The tournaments at Phoenix and Riviera were title fights. First Scottie Scheffler, Jon Rahm and Nick Taylor battled down the stretch at TPC Scottsdale — the former two for a chance to add to their borderline historic resumes and the latter for a life-changing victory. The following week at Riviera, Rahm tussled with Max Homa and Keith Mitchell. Homa and Rahm were going for their third win of the season (and Player of the Year driver’s seat) while Mitchell was vying for the biggest victory of his life.
Though Phoenix and Riviera were not substantially different in terms of field strength or perception than the year before, the Tour’s new mandate that all the top players play in the top 13 events solidified both of those events as big-time, big-ticket weeks.
The Honda Classic came down to Chris Kirk, who had not won in eight years, and Eric Cole, who was ranked No. 330 in the Official World Golf Rankings. Hardly heavyweights, but they were playing within the context of something bigger than themselves. No matter the players, that’s extremely compelling golf.
The PGA Tour has a uniformity problem. It, understandably, wants every event to be the same. It pushes for its tournaments to look similarly across nearly 50 weeks of the year. This has massive (and quite obvious) problems. Somewhat humorously, the emergence of LIV Golf has pushed the Tour’s members (i.e. the players) to attempt to solve them.
Though it is not explicit, the PGA Tour is now actually two tours: the 13 elevated events and everything else. This sounds like a bad thing, but it actually serves to contextualize the entire league. This reality, though implicit for now, does two very important things for the Tour.
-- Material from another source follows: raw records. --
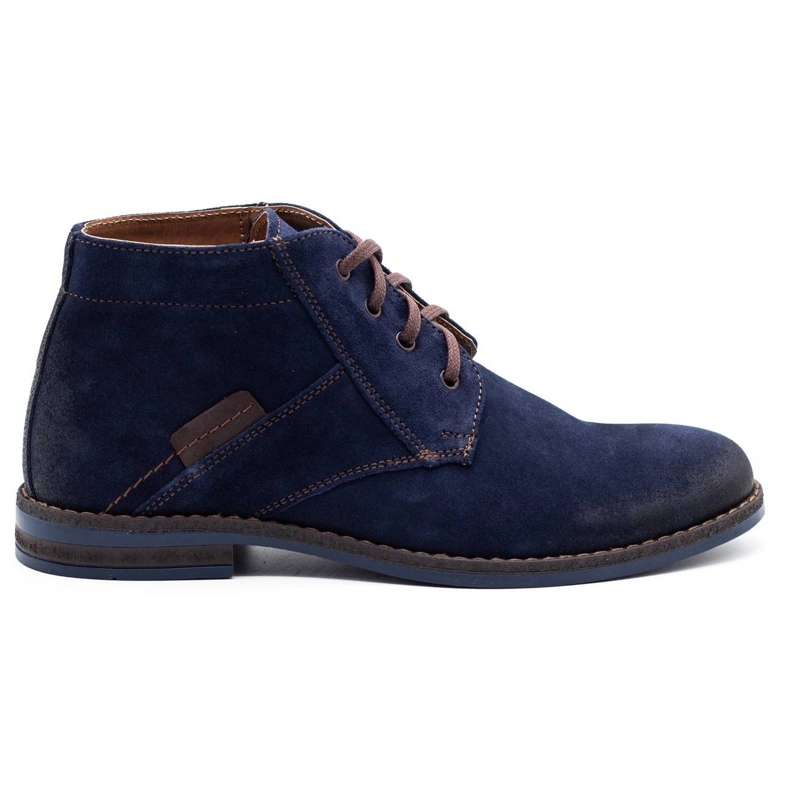 Olivier Herren Jodhpurstiefel 605 marineblau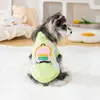 Ropa para Mascotas, Ropa para Perros, Ropa para Gatos y Mascotas, Nuevos Chalecos y Camisetas para Mascotas de Primavera y Verano, Camisetas Estampadas con 26 Mochilas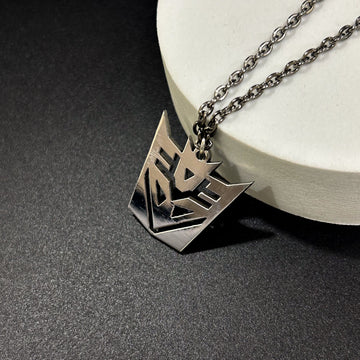 Decepticon (Transformers) Inspired Metal Pendant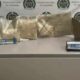 Detienen a dos de Colombia que intentaban llevar a Madrid droga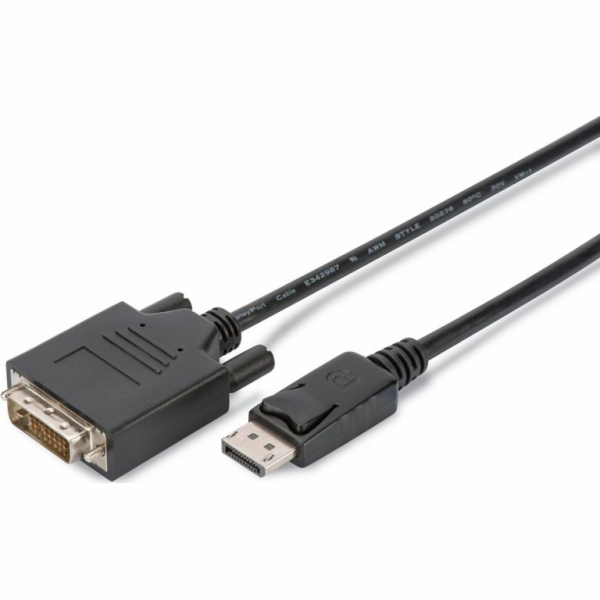 Digitus DisplayPort - DVI-D AV adaptér černý (AK-990900-0...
One thing that the PGA Tour has sometimes lacked over the years is an identity for its tournaments. Sometimes Justin Thomas would win the Honda Classic. Sometimes Matt Jones would. You know what the Honda Classic is now? A launching pad for somebody’s career. You could argue that this has always been the case, but the reality is that events like the Honda have always been a mixed bag of big stars and others trying to make their way. Ironically (and I can’t believe I’m saying this), it seems as if completely removing all of the stars — because they are obligated to play in many other events — has helped the Honda and tournaments like it.
This may not be universally true. Is it good in the short term for the Tour’s TV contracts and partnerships with sponsors? Probably not. The Honda Classic rating won’t be very good, and Honda is leaving as a sponsor after this year anyway (possibly because of the fact that its field rating has dropped off the planet). However, in the long term, the Tour’s product is becoming better for the following reason.
Context is king
You know what the PGA Tour’s most important asset is? Major championships. The majors provide context for the PGA Tour and vice versa. In a meritocratic sport like golf, context is everything, and it’s why LIV has not thrived and likely won’t as a golf league. Now you’re starting to see a real through line. The Korn Ferry Tour feeds into the non-elevated events, which feed into the elevated events, which feed into the major championships. One provides context for the other. This is a good thing! The non-elevated events have an opportunity to become what everyone thought the Korn Ferry Tour could be.
Things are not perfect for the Tour. It needs to provide better clarity around how you move from a non-elevated event to an elevated event. That would bring even deeper context to tournaments like the Honda Classic. It needs to clean up its field qualification categories. It needs to fix its FedEx Cup points situation to perhaps mirror purse sizes. It needs to detail how its events are going to work in unison with each other. It probably needs to draw a sharper line differentiating between non-elevated and elevated events.
Again, there are downsides to all of this in the short term. But in the long term, it’s a great way to create a better product, which actually seems to be happening. Whether that’s because of LIV’s existence or the Tour’s own steps doesn’t much matter at this point. What does matter is that fans (especially the ones who pay the closest attention) are seemingly going to benefit from the improvement of the Tour’s overall product.